CEBS is understood to favour a cap on bonus payments, linked to a multiple of basic salary that will differ between institutions depending on the financial risks involved.
“Whether this would achieve the desired risk-aware behaviour from traders is doubtful, as there would be more pressure to put up salaries so that proposed bonuses fall within acceptable levels,” said Nicholas Stretch, a partner at law firm CMS Cameron McKenna
He added: “However, even implementing a framework for limiting pay creates a precedent and could be followed in due course by all sorts of other limits and caps.”
Once CEBS publishes the outcome of yesterday’s meeting, it will spend a month consulting on its proposals.
The panel is also thought to have discussed the controversial banking super-regulator, which was approved by EU legislators last month and will have the power to overrule national authorities. The current European Commission president, Jose Manuel Barroso, hopes to introduce the London-based watchdog in January.
Meanwhile, the Commission yesterday outlined its vision for a 0.5 per cent tax on all banking pay and profit, called the financial activities tax (FAT), to be used to fund global development projects.
The Commission said it would prefer to see a global tax that took a slice of every
financial transaction, also known as a Tobin tax, but accepted it would be impractical without global support. Last month, EU finance ministers failed to agree on a similar levy.
The plans are likely to face stiff opposition when presented to the G20 at its meeting in November, in what the EU hopes will be the start of a worldwide push for banking levies.

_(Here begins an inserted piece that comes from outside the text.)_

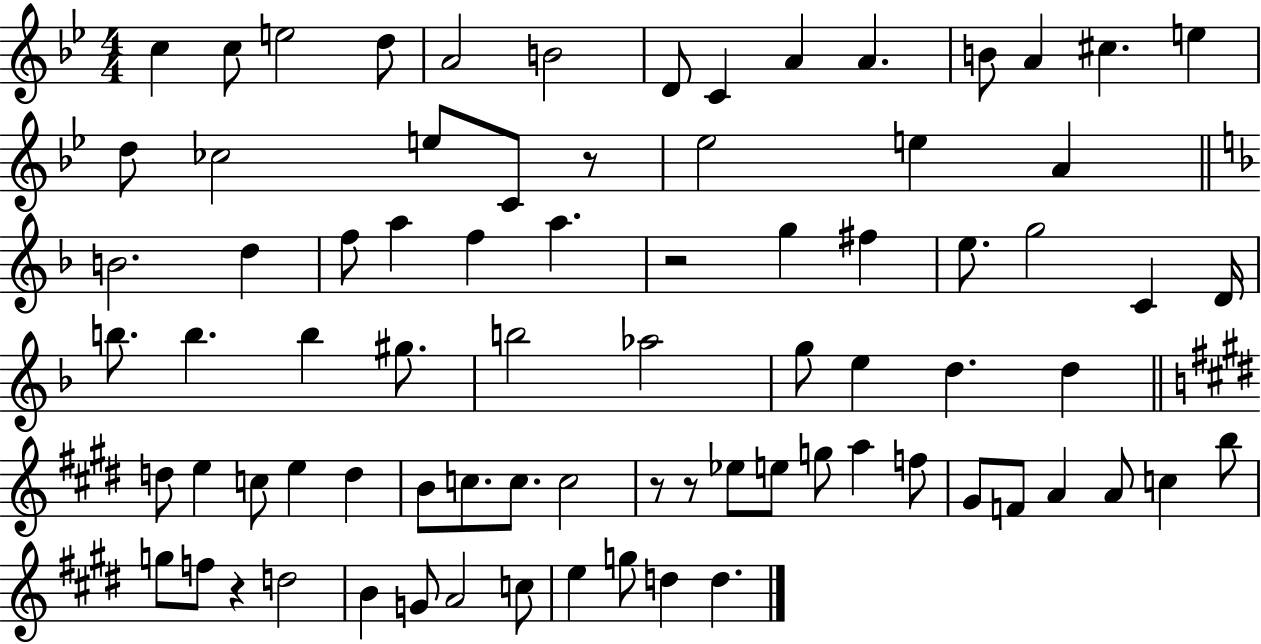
C5/q C5/e E5/h D5/e A4/h B4/h D4/e C4/q A4/q A4/q. B4/e A4/q C#5/q. E5/q D5/e CES5/h E5/e C4/e R/e Eb5/h E5/q A4/q B4/h. D5/q F5/e A5/q F5/q A5/q. R/h G5/q F#5/q E5/e. G5/h C4/q D4/s B5/e. B5/q. B5/q G#5/e. B5/h Ab5/h G5/e E5/q D5/q. D5/q D5/e E5/q C5/e E5/q D5/q B4/e C5/e. C5/e. C5/h R/e R/e Eb5/e E5/e G5/e A5/q F5/e G#4/e F4/e A4/q A4/e C5/q B5/e G5/e F5/e R/q D5/h B4/q G4/e A4/h C5/e E5/q G5/e D5/q D5/q.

The CBI warned last night that any such tax will ultimately be paid for by the customers of banks, and added:?“A financial activities tax within Europe would encourage financial services companies to relocate their operations outside the EU, hurting the economies of member states, and especially the UK owing to the importance of the City as a global financial centre.”
The Association for Financial Markets in Europe said: “Tax is not a regulatory tool and it should not be used as a substitute for effective financial regulation.”